GOAL OF THE EXERCISE = The copy should hold only the line containing "QR code with" and the lines after it through the end of the material, each exact, with no pictures.

DATA EXTRACT =

·····

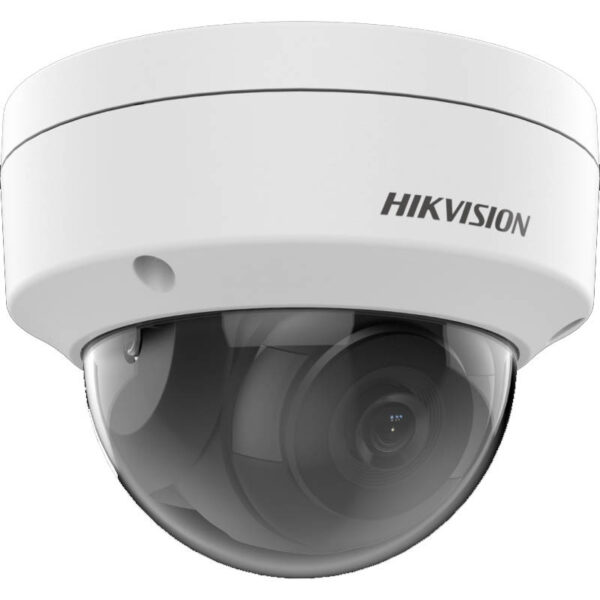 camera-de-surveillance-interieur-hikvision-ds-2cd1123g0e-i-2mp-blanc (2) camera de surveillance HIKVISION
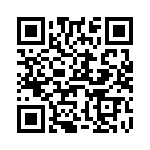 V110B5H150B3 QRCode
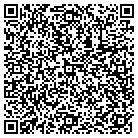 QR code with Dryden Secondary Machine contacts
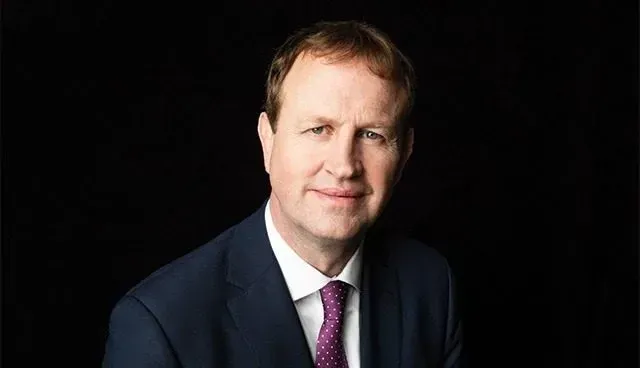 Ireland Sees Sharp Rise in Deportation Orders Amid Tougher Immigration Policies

·····

FINAL ANSWER =
 QR code with Dryden Secondary Machine contacts
 Ireland Sees Sharp Rise in Deportation Orders Amid Tougher Immigration Policies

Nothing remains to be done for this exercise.